= Record set =

---

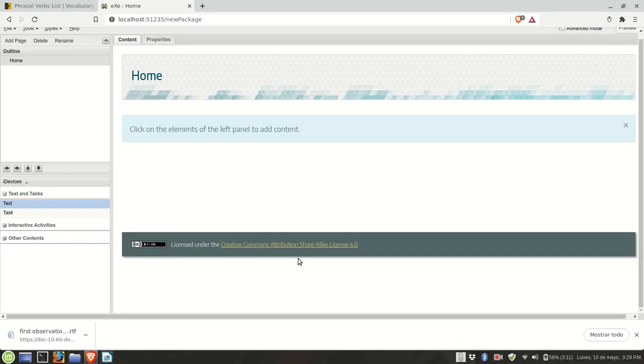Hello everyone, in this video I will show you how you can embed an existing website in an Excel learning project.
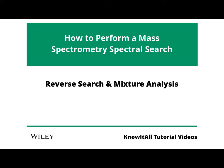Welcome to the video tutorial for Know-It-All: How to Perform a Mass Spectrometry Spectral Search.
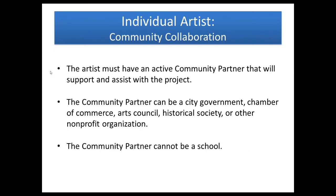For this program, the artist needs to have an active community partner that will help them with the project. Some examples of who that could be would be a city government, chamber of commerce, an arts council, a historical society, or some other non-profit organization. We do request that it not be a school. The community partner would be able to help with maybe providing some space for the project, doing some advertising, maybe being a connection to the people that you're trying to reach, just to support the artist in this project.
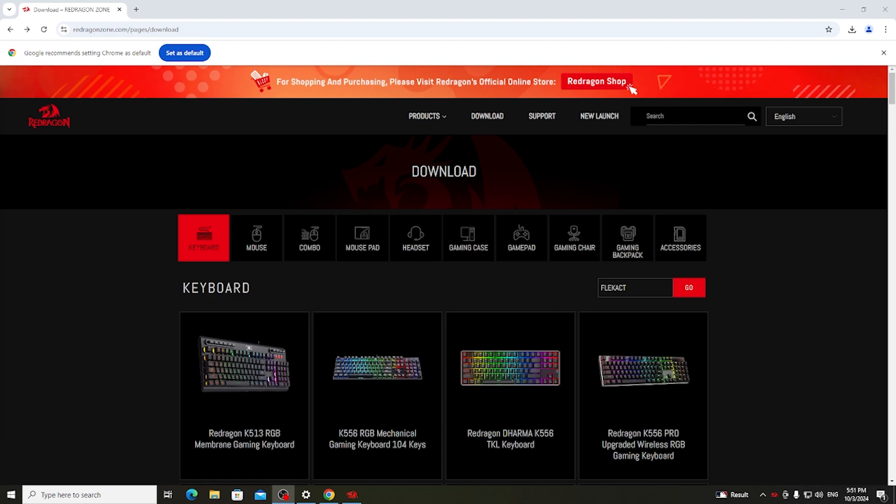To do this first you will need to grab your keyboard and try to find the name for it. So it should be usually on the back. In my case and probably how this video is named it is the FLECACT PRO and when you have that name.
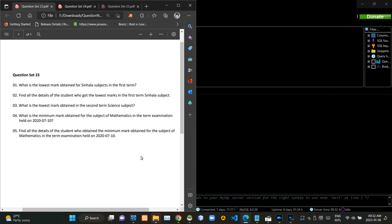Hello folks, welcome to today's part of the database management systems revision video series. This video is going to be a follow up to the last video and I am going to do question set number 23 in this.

---

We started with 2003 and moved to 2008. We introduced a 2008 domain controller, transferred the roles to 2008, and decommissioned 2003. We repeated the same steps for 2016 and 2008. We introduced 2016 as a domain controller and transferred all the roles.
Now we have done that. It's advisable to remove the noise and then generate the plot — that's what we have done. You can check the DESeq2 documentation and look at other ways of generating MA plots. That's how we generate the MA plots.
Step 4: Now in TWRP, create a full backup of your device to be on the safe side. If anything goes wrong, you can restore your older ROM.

---

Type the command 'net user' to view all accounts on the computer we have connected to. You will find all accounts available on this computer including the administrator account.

---

= What needs to be done =
From the line that has "Now we have" through the line that has "Step 4: Now", copy every line exactly as it appears above, and leave out all others.

= Written response =
Now we have done that. It's advisable to remove the noise and then generate the plot — that's what we have done. You can check the DESeq2 documentation and look at other ways of generating MA plots. That's how we generate the MA plots.
Step 4: Now in TWRP, create a full backup of your device to be on the safe side. If anything goes wrong, you can restore your older ROM.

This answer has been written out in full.